Future climate‐change effects on plant growth are most effectively studied using microclimate‐manipulation experiments, the design of which has seen much advance in recent years. For tropical forests, however, such experiments are particularly hard to install and have hence not been widely used. We present a system of active heating and CO(2) fertilization for use in tropical forest understoreys, where passive heating is not possible. The system was run for 2 years to study climate‐change effects on epiphytic bryophytes, but is also deemed suitable to study other understorey plants. Warm air and CO(2) addition were applied in 1.6‐m‐tall, 1.2‐m‐diameter hexagonal open‐top chambers and the microclimate in the chambers compared to outside air. Warming was regulated with a feedback system while CO(2) addition was fixed. The setup successfully heated the air by 2.8 K and increased CO(2) by 250 ppm on average, with +3 K and +300 ppm as the targets. Variation was high, especially due to technical breakdowns, but not biased to times of the day or year. In the warming treatment, absolute humidity slightly increased but relative humidity dropped by between 6% and 15% (and the vapor pressure deficit increased) compared to ambient, depending on the level of warming achieved in each chamber. Compared to other heating systems, the chambers provide a realistic warming and CO(2) treatment, but moistening the incoming air would be needed to avoid drying as a confounding factor.
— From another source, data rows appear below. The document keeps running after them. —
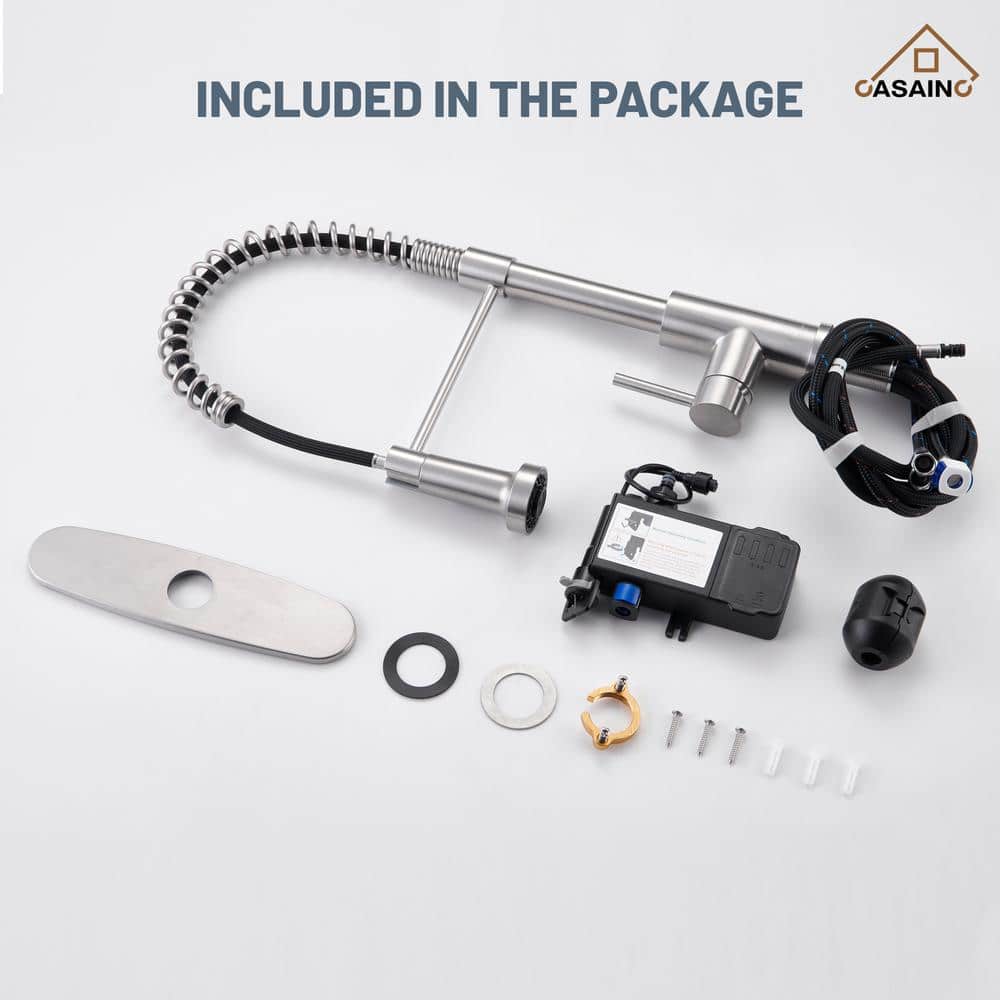 Brushed Nickel Touchless Pull-Down Kitchen Faucet with Spray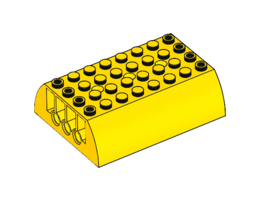 Slope, Curved 6 x 8 x 2 Double: {ярко жълт}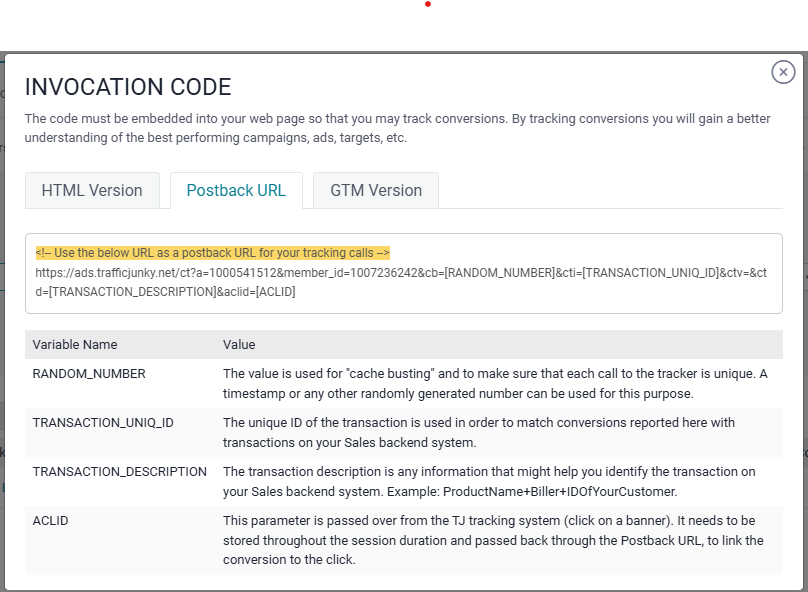 TrafficJunky Invocation Code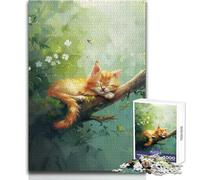 Puzzle per adolescenti 1000 Gattini addormentati sull'albero Gioco di sfida unico Sfida difficile Regali di compleanno Dimensioni 50x75cm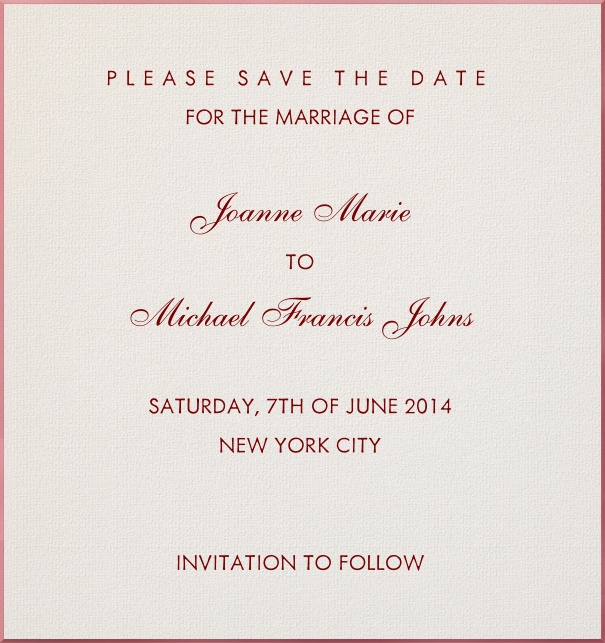 High Format paper color Classic Wedding Save the Date Card Template with Red Border and red text.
The method is preferable over infrared heating in the radiation‐poor forest understorey, particularly when combined with CO(2) fertilization. It is suitable for plant‐level studies, but ecosystem‐level studies in forests may require chamber‐less approaches like infrared heating and free‐air CO(2) enrichment. By presenting the advantages and limitations of our approach, we aim to facilitate further climate‐change experiments in tropical forests, which are urgently needed to understand the processes determining future element fluxes and biodiversity changes in these ecosystems.